Wedding cakes undoubtedly contribute to the ceremonial nature of the day. They give your guests another chance to take your picture, provide some focused attention after food before people start wandering off and they can taste great!
Nowadays, as with many other wedding traditions, the choice of wedding cakes, flavours, decoration and style is as varied as the brides and grooms who choose them. Cake-makers are getting wilder each day with mousses and curds replacing jam and butter icing faster than you can say “just a small piece for me”.
The last wedding I went to had the best cake I’ve ever tasted. Sponge with blackberries and white chocolate. It was something else that cake, seriously. So, you want your guests to remember your cake just like I remember Catrin and Tim’s, right? Well, here are some pointers on how to get the right cake for you.
- Think (like me!) of any cakes that you tried that were out of this world.
- Ask your friends for recommendations of cake-makers. You don’t have to spend the earth to get a great cake, but you do need someone experienced and reliable – you don’t want to be rushing to Tesco’s to buy a sponge on the morning of the wedding.
- Talk with your cake-maker.
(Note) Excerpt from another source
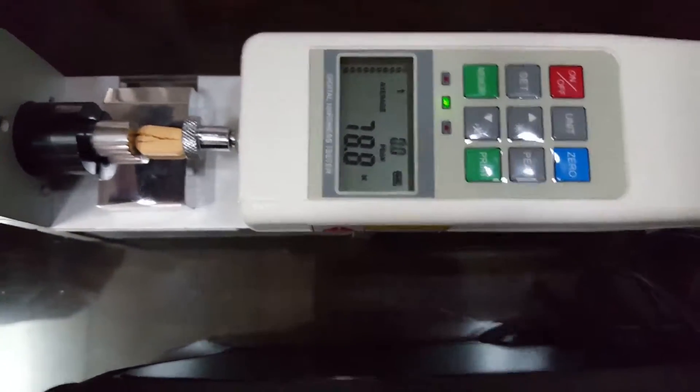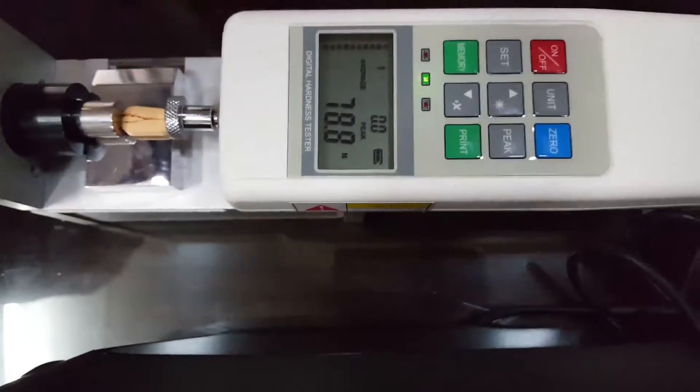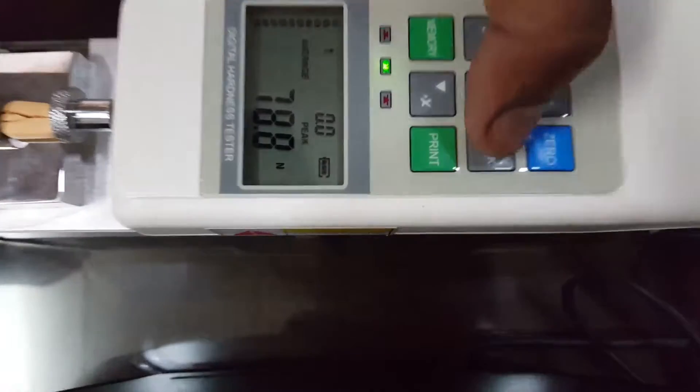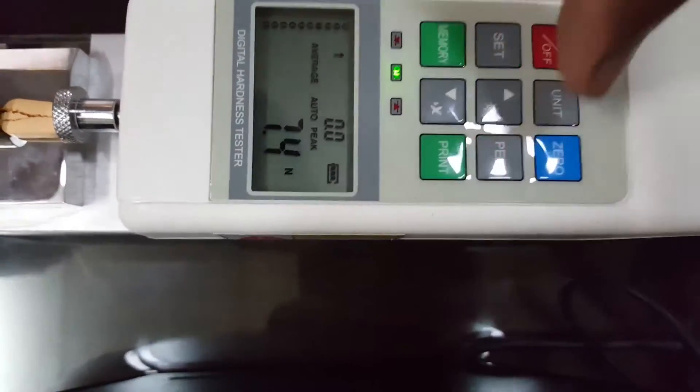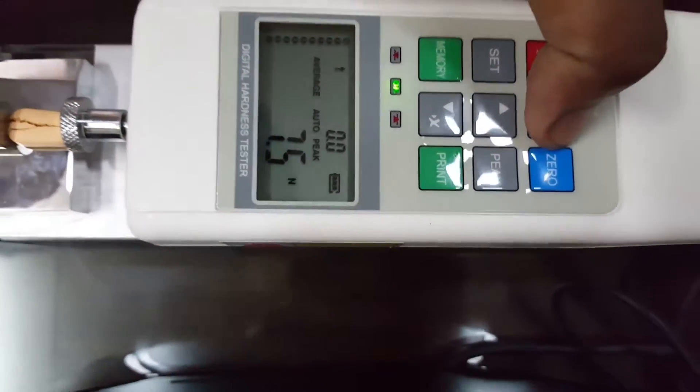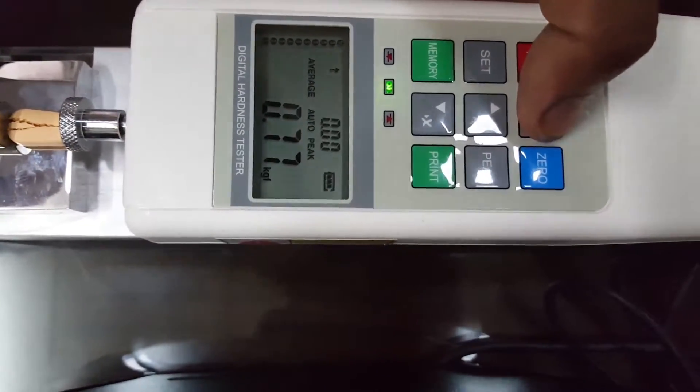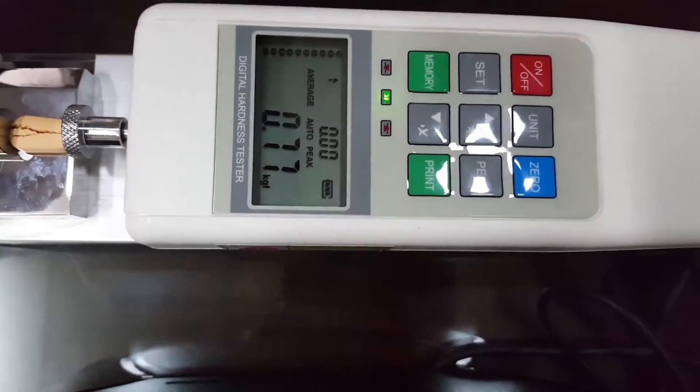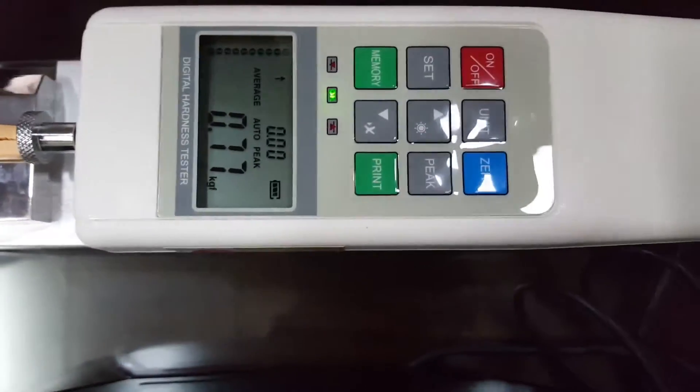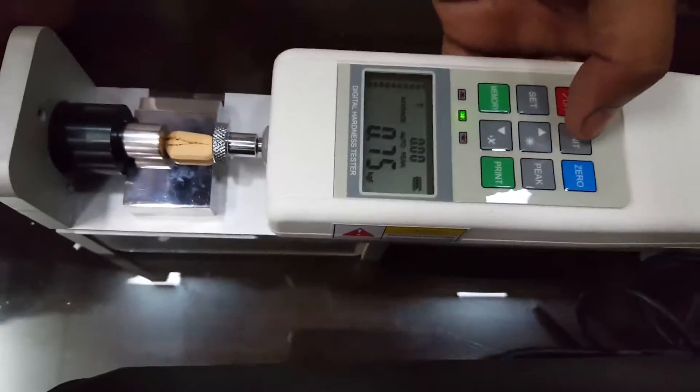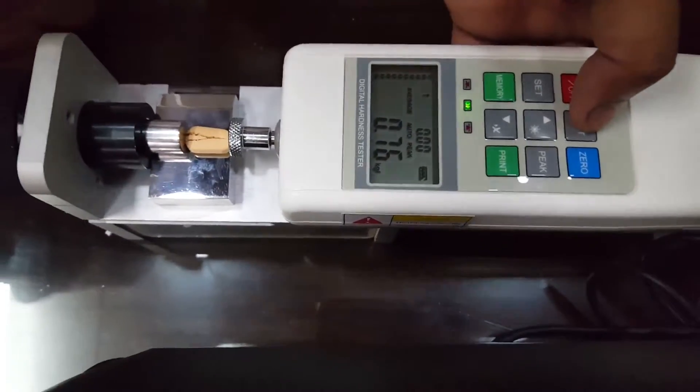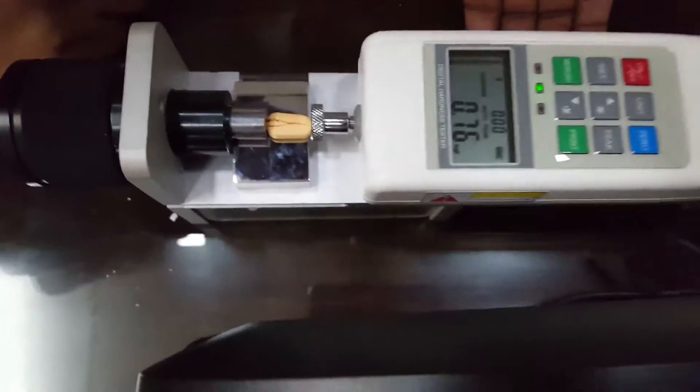If we convert it into kg, it shows 7.77 kg force. This way we can break all 10 tablets.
Ask to see photos of cakes he/she has made, explain what you would ideally want and see how flexible he/she can be.
- Take the cake-maker‘s advice on icing and ingredients, especially considering that your cake will be sitting around for hours.
- There are, of course, wedding cake trends and color is now a big thing in cakes. Black and white is also very 2009. Why not take a piece of the bridesmaids’ dress to the cake-maker and ask him/her to match the colours scheme.
- Is there a great cake recipe in your family? Show it to your cake-maker and ask him/her to adapt it for your wedding cake.
- If you want chocolate, remember to think about the time of year. For a summer wedding, it may be better to keep the chocolate in the sponge rather than in the decoration.
- And finally, the big debate – are cupcakes in or out? The answer is, do you care? They’re cute and dainty, so if you really want them, go for it! Discuss this kind of job with your cake-maker and make sure you think of issues such as price, wastage and decoration.